[Start of section]
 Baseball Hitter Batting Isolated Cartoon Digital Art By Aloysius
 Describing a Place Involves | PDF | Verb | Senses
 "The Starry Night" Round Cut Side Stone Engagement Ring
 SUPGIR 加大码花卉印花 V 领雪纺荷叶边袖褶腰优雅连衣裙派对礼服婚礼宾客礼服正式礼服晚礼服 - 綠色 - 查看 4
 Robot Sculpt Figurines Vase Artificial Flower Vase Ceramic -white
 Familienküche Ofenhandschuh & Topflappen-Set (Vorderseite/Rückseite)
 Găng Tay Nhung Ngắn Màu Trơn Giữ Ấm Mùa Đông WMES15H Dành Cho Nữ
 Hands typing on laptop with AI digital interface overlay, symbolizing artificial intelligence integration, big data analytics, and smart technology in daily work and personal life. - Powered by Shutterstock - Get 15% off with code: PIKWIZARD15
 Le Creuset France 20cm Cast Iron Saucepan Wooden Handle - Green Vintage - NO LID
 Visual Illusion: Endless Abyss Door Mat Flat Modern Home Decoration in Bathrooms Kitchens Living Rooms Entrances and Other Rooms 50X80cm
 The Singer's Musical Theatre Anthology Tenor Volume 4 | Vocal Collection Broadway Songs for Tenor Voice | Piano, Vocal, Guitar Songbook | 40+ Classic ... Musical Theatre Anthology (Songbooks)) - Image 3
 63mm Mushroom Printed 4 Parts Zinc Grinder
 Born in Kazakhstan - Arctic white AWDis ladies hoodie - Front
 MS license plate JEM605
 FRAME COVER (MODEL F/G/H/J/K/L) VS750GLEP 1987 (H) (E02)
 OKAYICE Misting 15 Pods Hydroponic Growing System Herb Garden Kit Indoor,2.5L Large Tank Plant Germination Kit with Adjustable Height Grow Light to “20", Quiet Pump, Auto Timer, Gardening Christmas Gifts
[End of section]
WHAT TO PRODUCE: Print exactly the lines above, starting at the line that contains "The Singer's Musical" and ending with the last line of the records, both included.

RESPONSE AREA:
 The Singer's Musical Theatre Anthology Tenor Volume 4 | Vocal Collection Broadway Songs for Tenor Voice | Piano, Vocal, Guitar Songbook | 40+ Classic ... Musical Theatre Anthology (Songbooks)) - Image 3
 63mm Mushroom Printed 4 Parts Zinc Grinder
 Born in Kazakhstan - Arctic white AWDis ladies hoodie - Front
 MS license plate JEM605
 FRAME COVER (MODEL F/G/H/J/K/L) VS750GLEP 1987 (H) (E02)
 OKAYICE Misting 15 Pods Hydroponic Growing System Herb Garden Kit Indoor,2.5L Large Tank Plant Germination Kit with Adjustable Height Grow Light to “20", Quiet Pump, Auto Timer, Gardening Christmas Gifts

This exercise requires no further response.